The United States has eased sanctions on the Venezuelan government to allow it to pay for Nicolás Maduro’s legal defense in a U.S. narcoterrorism case, a shift that comes as a former top intelligence insider signals he may cooperate with prosecutors, potentially reshaping one of the most consequential foreign corruption cases in recent years.
The U.S. Treasury Department’s Office of Foreign Assets Control issued amended licenses authorizing lawyers representing Maduro and his wife, Cilia Flores, to receive payments from the Venezuelan government under strict conditions, according to a court document made public Friday.
The licenses allow payments only from funds available to the Venezuelan government after March 5, 2026, and prohibit the use of certain restricted accounts, marking a shift from earlier U.S. efforts to block access to those resources on national security and foreign policy grounds.
The move follows arguments from Maduro’s defense team, led by attorney Barry Pollack, that restrictions on payments violated the Sixth Amendment right to counsel by preventing him from choosing his legal representation.
During a March 26 hearing in federal court in New York, U.S. District Judge Alvin Hellerstein questioned the government’s reliance on national security grounds to justify those restrictions, noting that, following their capture, neither Maduro nor Flores appeared to pose an ongoing threat.
Maduro, 63, and Flores, 69, were detained on Jan. 3 in Caracas in a U.S. military operation and transferred to a federal detention facility in Brooklyn.

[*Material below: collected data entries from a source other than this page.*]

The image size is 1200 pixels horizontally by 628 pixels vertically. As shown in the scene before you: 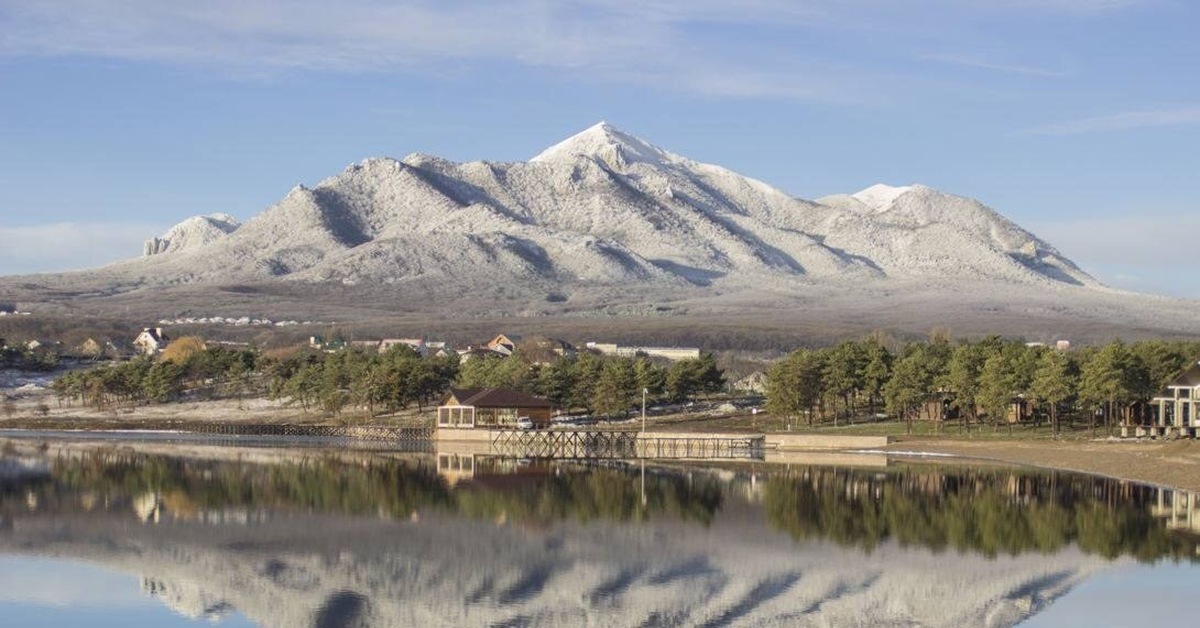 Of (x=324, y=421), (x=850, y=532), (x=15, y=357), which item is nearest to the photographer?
(x=850, y=532)

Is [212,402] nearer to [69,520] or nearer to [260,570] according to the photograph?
[69,520]

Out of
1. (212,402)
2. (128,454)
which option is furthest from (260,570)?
(212,402)

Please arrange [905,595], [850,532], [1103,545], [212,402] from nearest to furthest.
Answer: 1. [905,595]
2. [1103,545]
3. [850,532]
4. [212,402]

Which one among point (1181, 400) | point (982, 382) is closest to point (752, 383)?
point (982, 382)

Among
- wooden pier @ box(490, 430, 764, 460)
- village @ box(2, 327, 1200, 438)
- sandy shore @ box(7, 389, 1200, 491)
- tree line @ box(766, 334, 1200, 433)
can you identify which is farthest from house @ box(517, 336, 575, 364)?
wooden pier @ box(490, 430, 764, 460)

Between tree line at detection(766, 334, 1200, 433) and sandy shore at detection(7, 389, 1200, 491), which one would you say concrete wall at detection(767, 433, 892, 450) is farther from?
tree line at detection(766, 334, 1200, 433)

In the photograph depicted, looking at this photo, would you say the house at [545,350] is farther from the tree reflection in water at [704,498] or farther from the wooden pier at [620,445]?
the tree reflection in water at [704,498] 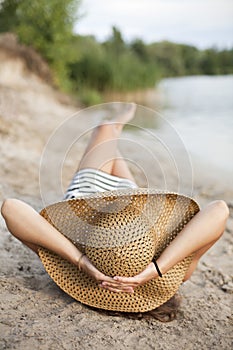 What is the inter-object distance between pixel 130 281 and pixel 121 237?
0.15 meters

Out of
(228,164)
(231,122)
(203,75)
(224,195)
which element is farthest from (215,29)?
(224,195)

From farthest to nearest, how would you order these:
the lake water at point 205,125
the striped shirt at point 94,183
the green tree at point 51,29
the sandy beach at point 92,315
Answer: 1. the green tree at point 51,29
2. the lake water at point 205,125
3. the striped shirt at point 94,183
4. the sandy beach at point 92,315

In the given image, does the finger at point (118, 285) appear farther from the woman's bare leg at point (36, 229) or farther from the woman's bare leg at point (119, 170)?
the woman's bare leg at point (119, 170)

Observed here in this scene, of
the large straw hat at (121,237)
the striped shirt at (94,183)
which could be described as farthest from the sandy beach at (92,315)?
the striped shirt at (94,183)

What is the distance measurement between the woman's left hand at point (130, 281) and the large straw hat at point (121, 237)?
0.06 ft

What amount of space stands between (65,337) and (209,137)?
5558 mm

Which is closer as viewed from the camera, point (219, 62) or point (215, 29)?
point (215, 29)

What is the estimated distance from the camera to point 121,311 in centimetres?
167

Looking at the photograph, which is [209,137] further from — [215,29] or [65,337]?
[215,29]

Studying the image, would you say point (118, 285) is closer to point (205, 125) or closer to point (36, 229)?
point (36, 229)

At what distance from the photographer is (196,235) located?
1.65m

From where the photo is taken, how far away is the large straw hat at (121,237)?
1.55 meters

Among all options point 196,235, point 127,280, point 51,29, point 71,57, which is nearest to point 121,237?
point 127,280

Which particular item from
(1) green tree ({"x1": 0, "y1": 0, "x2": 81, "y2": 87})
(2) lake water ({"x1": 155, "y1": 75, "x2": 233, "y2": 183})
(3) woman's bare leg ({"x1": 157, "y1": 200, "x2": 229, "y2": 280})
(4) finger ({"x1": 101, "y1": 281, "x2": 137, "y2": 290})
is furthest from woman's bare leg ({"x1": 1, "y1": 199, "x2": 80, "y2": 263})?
Answer: (1) green tree ({"x1": 0, "y1": 0, "x2": 81, "y2": 87})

Both have pleaded not guilty to charges including conspiracy to commit narcoterrorism and cocaine importation. A trial is not expected to begin for at least one to two years.
As the case moves forward, attention has turned to Hugo “El Pollo” Carvajal, Venezuela’s former military intelligence chief, who could emerge as a key witness for the prosecution.
Carvajal, once one of the most powerful figures in Venezuela’s intelligence apparatus, pleaded guilty in 2025 to U.S. narcotics and narcoterrorism charges as part of a deal that left open the possibility of cooperation with authorities.
In a letter sent to President Donald Trump, according to a CNN report published over the weekend, Carvajal offered to provide information about alleged criminal activities within the Venezuelan state, saying he sought to “atone” for past actions and help the United States “protect itself from dangers” he witnessed over years in government.
Carvajal’s outreach builds on a December 2025 letter he sent from federal prison in which he described what he alleged was a state-run criminal apparatus embedded within Venezuela’s leadership.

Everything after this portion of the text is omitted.